Hosting on fully open source infrastructure

Although all the canned hosting sites use plenty of free software in their stack, most of them also wrote their own proprietary software to glue it all together, which means the hosting environment is not easily reproducible by others. For example, while Git itself is free software, GitHub is a hosted service running partly with proprietary software — if you leave GitHub, you can't take it with you, at least not all of it.

Some projects prefer a canned hosting site that runs an entirely free software infrastructure and that could, in theory, be reproduced independently were that ever to become necessary. Fortunately, there are such sites, the most well-known being GitLab, Gitorious, and GNU Savannah (as of this writing in 2014).

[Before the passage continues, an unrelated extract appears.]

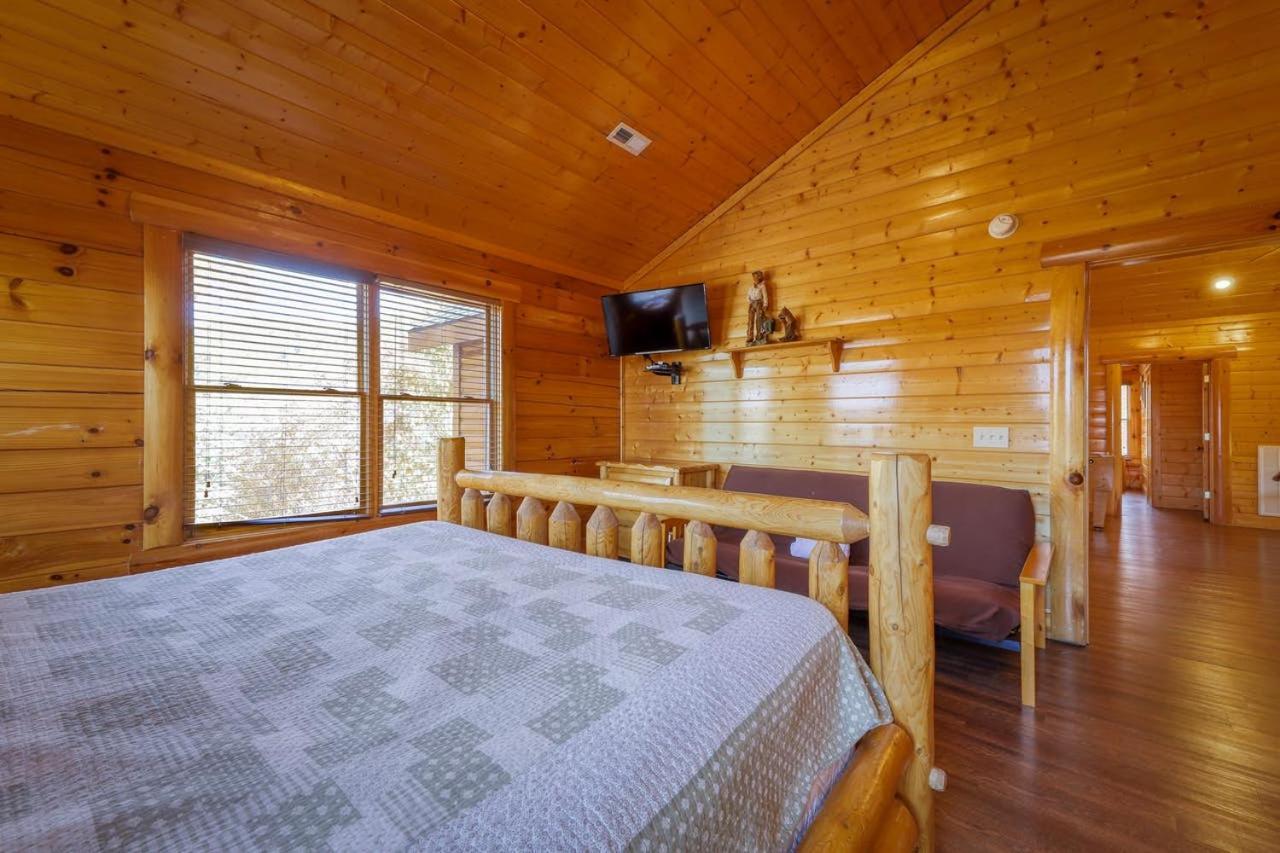 Black Bear Ridge Resort: Valhalla Manor by DC photo 41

Furthermore, any service that offers hosting of the Redmine or Trac code collaboration platforms effectively offers fully freedom-preserving project hosting, because those platforms include most of the features needed to run an open source project; some companies offer that kind of commercial platform hosting with a zero-cost or very cheap rate for open source projects.

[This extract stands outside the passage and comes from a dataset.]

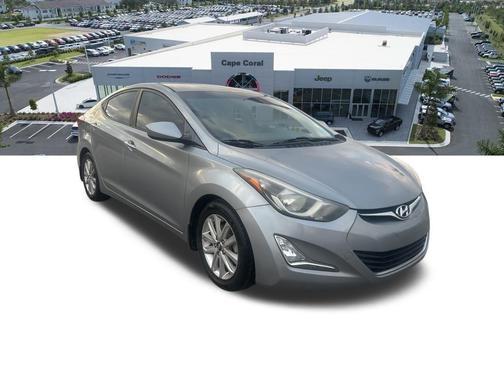 2015 Hyundai ELANTRA SE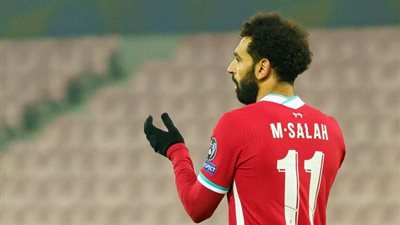 صلاح يقود هجوم ليفربول ضد توتنهام في الدوري الإنجليزي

Should you host your project on fully open source infrastructure? While it would be ideal to have access to all the code that runs the site, my opinion is that the crucial thing is to have a way to export project data, and to be able to interact with the data in automatable ways. A site that meets these criteria can never truly lock you in, and will even be extensible, to some degree, through its programmatic interface. While there is some value in having all the code that runs a hosting site available under open source terms, in practice the demands of actually deploying that code in a production environment are prohibitive for most projects anyway. These sites need multiple servers, customized networks, and full-time staffs to keep them running; merely having the code would not be sufficient to duplicate or "fork" the service anyway. The main thing is just to make sure your data isn't trapped.

Of course, all the above applies only to the servers. Your project should never require participants to run proprietary collaboration software on their own machines.

Anonymity and involvement

A problem that is not strictly limited to the canned sites, but is most often found there, is the over-requirement of user registration to participate in various aspects of the project. The proper degree of requirement is a bit of a judgement call. User registration helps prevent spam, for one thing, and even if every commit gets reviewed you still probably don't want anonymous strangers pushing changes into your repository, for example.

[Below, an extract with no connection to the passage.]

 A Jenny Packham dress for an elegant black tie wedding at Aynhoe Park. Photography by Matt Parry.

But sometimes user registration ends up being required for tasks that ought to be permitted to unregistered visitors, especially the ability to file tickets in the bug tracker, and to comment on existing tickets. By requiring a logged-in username for such actions, the project raises the involvement bar for what should be quick, convenient tasks. It also changes the demographics of who files bugs, since those who take the trouble to set up a user account at the project site are hardly a random sample even from among users who are willing to file bugs (who in turn are already a biased subset of all the project's users). Of course, one wants to be able to contact someone who's entered data into the ticket tracker, but having a field where she can enter her email address (if she wants to) is sufficient. If a new user spots a bug and wants to report it, she'll only be annoyed at having to fill out an account creation form before she can enter the bug into the tracker. She may simply decide not to file the bug at all.

If you have control over which actions can be done anonymously, make sure that at least all read-only actions are permitted to non-logged-in visitors, and if possible that data entry portals, such as the bug tracker, that tend to bring information from users to developers, can also be used anonymously, although of course anti-spam techniques, such as captchas, may still be necessary.